*** Opening Extracted data ***

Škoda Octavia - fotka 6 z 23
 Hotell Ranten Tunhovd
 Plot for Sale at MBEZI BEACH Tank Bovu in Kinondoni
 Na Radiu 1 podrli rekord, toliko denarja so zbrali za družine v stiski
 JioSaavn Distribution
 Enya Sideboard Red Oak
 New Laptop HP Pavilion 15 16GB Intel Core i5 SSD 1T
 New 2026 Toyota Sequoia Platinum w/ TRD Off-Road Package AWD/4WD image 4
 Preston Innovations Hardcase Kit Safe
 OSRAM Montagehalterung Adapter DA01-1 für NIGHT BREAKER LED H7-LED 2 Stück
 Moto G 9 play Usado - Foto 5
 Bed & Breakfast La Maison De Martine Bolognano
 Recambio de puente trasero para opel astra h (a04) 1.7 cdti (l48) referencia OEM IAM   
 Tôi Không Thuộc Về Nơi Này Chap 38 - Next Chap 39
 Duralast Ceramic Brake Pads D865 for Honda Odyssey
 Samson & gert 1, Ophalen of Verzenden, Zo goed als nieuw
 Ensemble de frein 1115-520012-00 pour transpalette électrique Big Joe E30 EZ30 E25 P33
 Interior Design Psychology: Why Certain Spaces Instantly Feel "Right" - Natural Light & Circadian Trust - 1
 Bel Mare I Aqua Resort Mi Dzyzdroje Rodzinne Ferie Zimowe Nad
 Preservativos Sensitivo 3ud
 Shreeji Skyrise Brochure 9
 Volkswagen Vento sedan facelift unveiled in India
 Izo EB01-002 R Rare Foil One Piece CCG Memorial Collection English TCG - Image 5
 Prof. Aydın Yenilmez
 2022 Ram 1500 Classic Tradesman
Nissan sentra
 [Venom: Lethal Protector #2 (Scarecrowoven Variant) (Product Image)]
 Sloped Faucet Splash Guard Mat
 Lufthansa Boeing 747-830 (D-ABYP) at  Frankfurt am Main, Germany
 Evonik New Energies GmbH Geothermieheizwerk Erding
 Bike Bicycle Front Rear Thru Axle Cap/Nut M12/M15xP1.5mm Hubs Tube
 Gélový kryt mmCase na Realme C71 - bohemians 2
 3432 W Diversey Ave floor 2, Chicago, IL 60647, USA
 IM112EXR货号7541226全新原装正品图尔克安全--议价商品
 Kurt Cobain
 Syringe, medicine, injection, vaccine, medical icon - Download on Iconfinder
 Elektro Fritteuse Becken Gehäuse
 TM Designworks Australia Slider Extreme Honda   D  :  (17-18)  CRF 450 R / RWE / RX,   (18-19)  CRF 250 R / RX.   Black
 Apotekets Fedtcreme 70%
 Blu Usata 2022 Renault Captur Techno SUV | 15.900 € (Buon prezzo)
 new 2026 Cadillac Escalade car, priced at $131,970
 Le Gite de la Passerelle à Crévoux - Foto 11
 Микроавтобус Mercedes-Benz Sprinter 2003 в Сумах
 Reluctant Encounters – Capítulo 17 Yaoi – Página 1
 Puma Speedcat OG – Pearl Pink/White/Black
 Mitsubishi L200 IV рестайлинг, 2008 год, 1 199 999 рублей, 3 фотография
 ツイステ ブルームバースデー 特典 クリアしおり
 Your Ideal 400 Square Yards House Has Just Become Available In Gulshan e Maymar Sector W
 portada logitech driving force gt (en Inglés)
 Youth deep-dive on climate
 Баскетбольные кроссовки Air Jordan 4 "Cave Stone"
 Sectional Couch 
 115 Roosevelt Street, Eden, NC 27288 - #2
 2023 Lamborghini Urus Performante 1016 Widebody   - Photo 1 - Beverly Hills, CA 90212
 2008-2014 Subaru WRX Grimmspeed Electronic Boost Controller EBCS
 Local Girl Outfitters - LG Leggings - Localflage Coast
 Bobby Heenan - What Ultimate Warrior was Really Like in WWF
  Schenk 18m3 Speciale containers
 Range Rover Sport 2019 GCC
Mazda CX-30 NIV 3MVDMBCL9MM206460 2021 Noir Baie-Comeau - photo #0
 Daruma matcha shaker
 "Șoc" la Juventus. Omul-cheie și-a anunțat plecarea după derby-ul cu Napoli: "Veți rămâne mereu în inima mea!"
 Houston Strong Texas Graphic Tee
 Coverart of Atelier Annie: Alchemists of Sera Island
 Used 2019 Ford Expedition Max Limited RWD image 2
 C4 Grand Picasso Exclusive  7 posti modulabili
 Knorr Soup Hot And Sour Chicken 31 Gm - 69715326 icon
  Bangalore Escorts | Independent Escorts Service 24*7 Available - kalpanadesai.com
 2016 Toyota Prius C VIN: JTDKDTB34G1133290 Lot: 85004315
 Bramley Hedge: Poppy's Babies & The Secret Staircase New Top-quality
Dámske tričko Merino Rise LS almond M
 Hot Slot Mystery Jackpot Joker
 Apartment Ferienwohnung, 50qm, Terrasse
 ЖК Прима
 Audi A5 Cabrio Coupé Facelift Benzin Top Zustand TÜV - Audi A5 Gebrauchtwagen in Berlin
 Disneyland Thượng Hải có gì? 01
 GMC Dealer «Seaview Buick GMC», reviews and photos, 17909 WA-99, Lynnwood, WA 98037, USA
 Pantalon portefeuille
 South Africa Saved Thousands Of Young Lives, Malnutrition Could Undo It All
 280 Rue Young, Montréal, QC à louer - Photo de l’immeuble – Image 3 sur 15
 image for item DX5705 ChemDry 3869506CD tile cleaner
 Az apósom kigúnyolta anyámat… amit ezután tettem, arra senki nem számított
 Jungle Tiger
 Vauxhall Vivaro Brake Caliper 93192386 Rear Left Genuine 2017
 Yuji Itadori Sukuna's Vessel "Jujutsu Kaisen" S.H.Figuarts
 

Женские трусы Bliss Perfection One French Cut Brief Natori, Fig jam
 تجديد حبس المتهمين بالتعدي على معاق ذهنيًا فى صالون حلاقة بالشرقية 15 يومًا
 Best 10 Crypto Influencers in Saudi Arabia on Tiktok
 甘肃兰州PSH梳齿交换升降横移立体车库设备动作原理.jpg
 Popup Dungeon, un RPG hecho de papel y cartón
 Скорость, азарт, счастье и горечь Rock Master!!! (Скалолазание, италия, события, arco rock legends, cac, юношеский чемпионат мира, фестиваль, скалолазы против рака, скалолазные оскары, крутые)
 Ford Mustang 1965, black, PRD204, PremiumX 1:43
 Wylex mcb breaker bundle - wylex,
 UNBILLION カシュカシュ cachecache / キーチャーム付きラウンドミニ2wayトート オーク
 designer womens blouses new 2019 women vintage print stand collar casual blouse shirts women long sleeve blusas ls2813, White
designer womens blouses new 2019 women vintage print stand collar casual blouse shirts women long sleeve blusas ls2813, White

*** Closing Extracted data ***

Task to carry out: Return only the lines of the records in which the string "collar" appears.

Exercise output:
 designer womens blouses new 2019 women vintage print stand collar casual blouse shirts women long sleeve blusas ls2813, White
designer womens blouses new 2019 women vintage print stand collar casual blouse shirts women long sleeve blusas ls2813, White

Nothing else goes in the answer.